Seria fora de propósito discutir aqui detalhadamente os problemas mencionados acima. Nos Acta Sanctorum, novembro, vol. I, o Pe. Delehaye escreveu, em 1910, um artigo de trinta e seis páginas in-fólio; nele editou o texto das atas da Panônia, escritas provavelmente por um certo Porfírio, bem como uma recensão do século X, escrita por um tal Pedro de Nápoles. A Depositio Martyrum do século IV, confirmada pelo Sacramentário Leonino e outros, não deixa dúvida alguma de que em Roma se tributava culto a esses mártires desde tempos antigos. Delehaye inclina-se totalmente à opinião de que o único grupo de mártires que realmente existiu foi o da Panônia, cujas relíquias foram trasladadas a Roma e sepultadas na catacumba da Via Labicana (cf. Analecta Bollandiana, vol. XXXII, 1913, pp. 63-71; Les passions des martyrs..., 1921, pp. 328-344; Étude sur le légendier romain, 1936, pp. 65-73; e CMH., pp. 590-591). Mas outros autores propõem teorias diferentes: Mons. Duchesne, em Mélanges d’archéologie et d’histoire, vol. XXXI, 1911, pp. 231-246; Pe. Franchi de Cavalieri, em Studi e Testi, vol. XXIV, 1912, pp. 57-66; e J. P. Kirsch, em Historisches Jahrbuch, vol. XXXVIII, 1917, pp. 72-97. 1

Sabemos muito pouco sobre a vida e os três anos de pontificado de São Adeodato I. Era romano de nascimento e filho de um subdiácono chamado Estêvão. Em sua época, Roma foi assolada por desordens e guerras, por um terremoto e por uma epidemia de uma doença de pele. São Adeodato dedicou-se inteiramente ao cuidado dos enfermos (o Martirológio Romano menciona a tradição de que curou um leproso com um beijo) e exortou seu clero empobrecido a fazer o mesmo.
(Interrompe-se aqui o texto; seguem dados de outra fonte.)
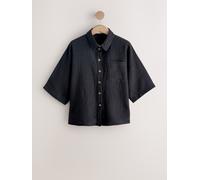 Next Black Textured Short Sleeve Shirt with Linen Black EU 38 Petite (UK 10 P)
Segundo se diz, foi o primeiro Papa a empregar os selos de chumbo chamados “bullae”, nome que atualmente se dá a certos documentos pontifícios. Ainda se conserva um selo da época de São Adeodato. Os antigos calendários beneditinos afirmam que o santo pertenceu à sua ordem, mas não existem provas certas disso.
Veja-se Duchesne, Liber Pontificalis, vol. I, pp. 319-320; H. K. Mann, Lives of the Popes, vol. I, pp. 280-293. 2
Referência:
1. Butler, Alban. Vida dos Santos, vol. 4, pp. 292-294.
2. Ibid. p. 294.
Notas:
a. Os nomes Cláudio, Nicóstrato, Sinforiano e Castório, aos quais se acrescenta o de Victorino, aparecem também na lenda de São Sebastião. Foram convertidos pelo sacerdote São Policarpo. O Martirológio Romano os menciona em 7 de julho.